## WHAT IS BEING ASKED:
When you reach the line holding "Potter Cozy Dayz" in the material below, return that line and each one after it, word for word, with the pictures dropped.

Top of COLLECTED DATA

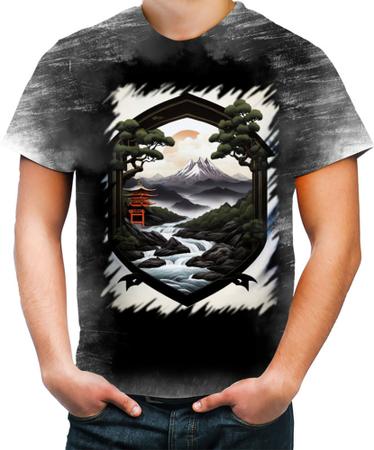 Imagem de Camiseta Desgaste Paisagem Oriental Portão Torii 3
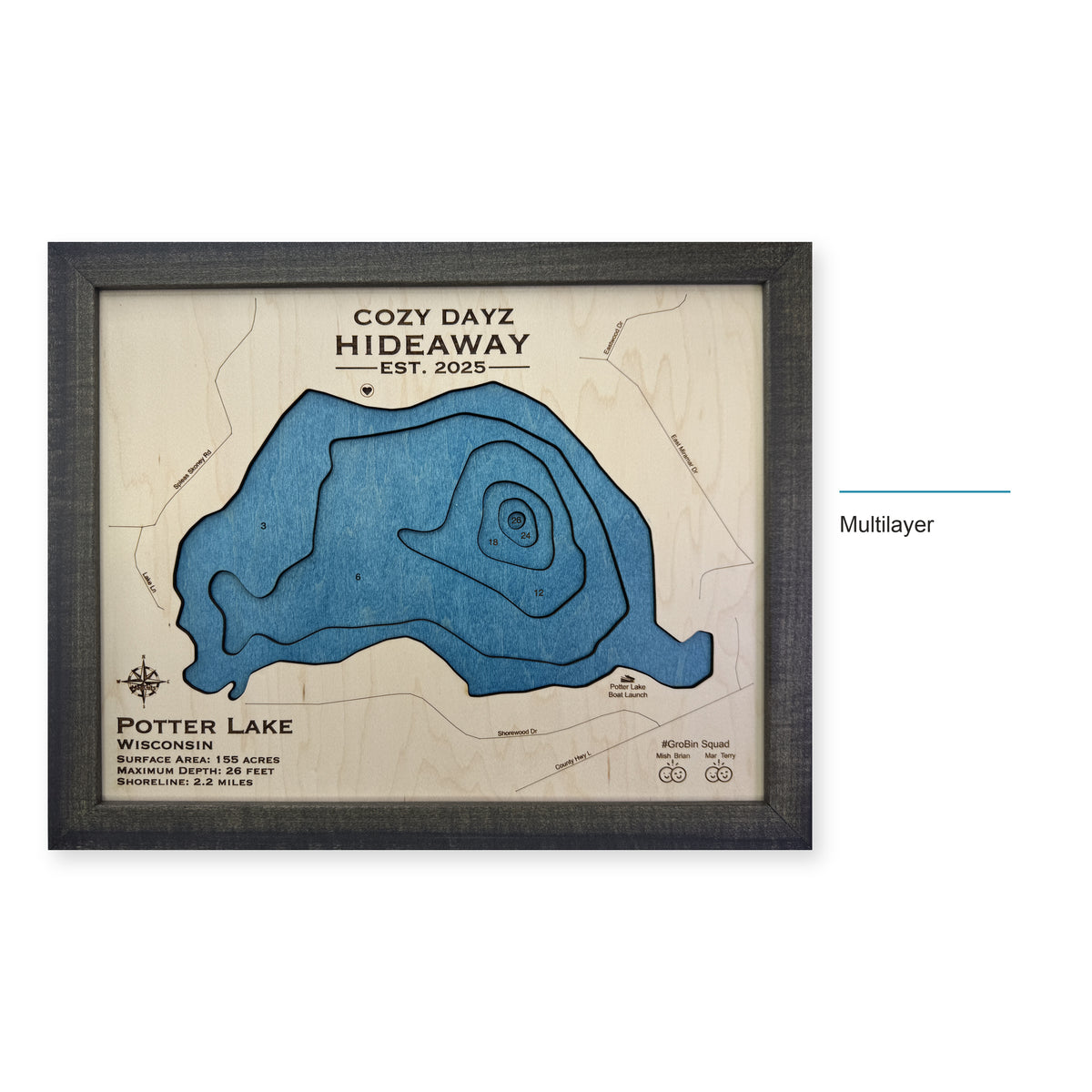 Potter Cozy Dayz wood map — multilayer, layer option shown
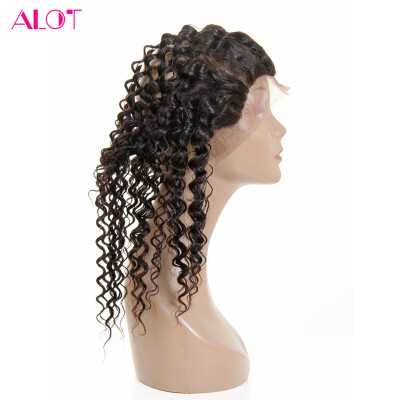 

Alot 22 * ​​4 * 2 Pre Plucked 360 Lace Фронтальная перуанская глубокая волна 100% человеческих волос Vigin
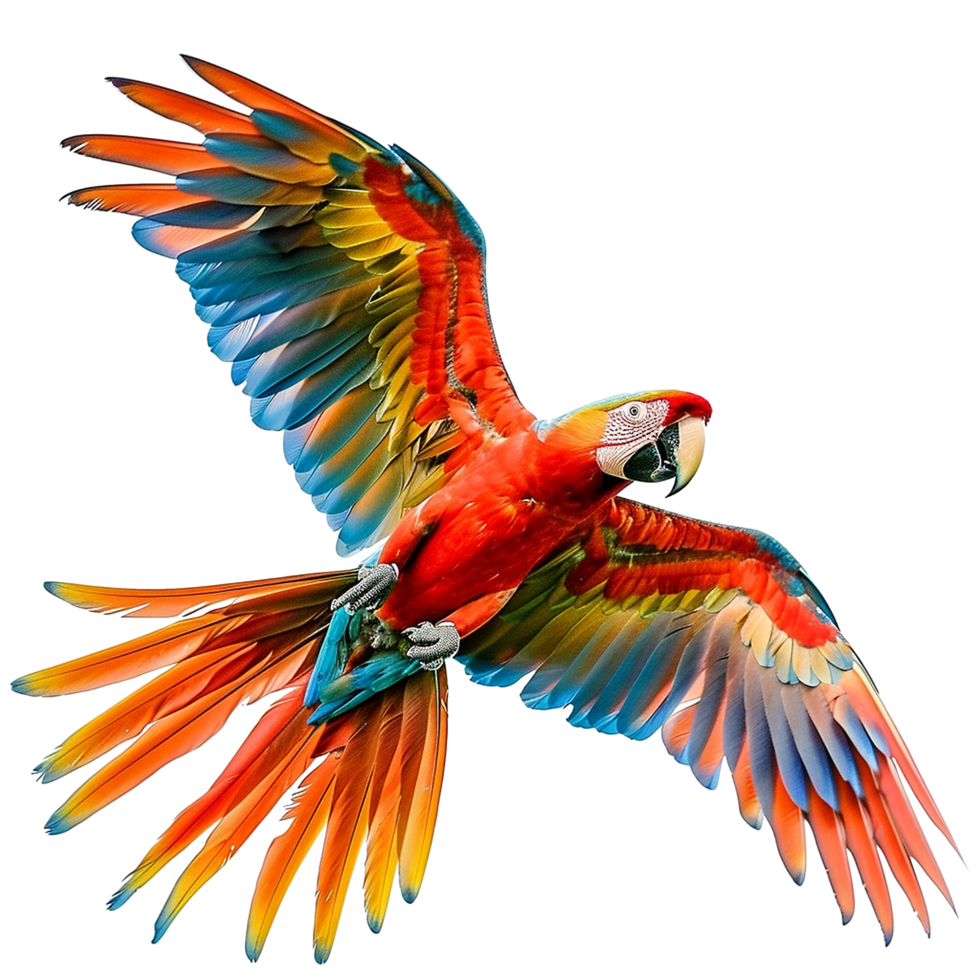 Flying Macaw parrot isolated on transparent background png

Bottom of COLLECTED DATA

## EXERCISE ANSWER:
 Potter Cozy Dayz wood map — multilayer, layer option shown

Alot 22 * ​​4 * 2 Pre Plucked 360 Lace Фронтальная перуанская глубокая волна 100% человеческих волос Vigin
 Flying Macaw parrot isolated on transparent background png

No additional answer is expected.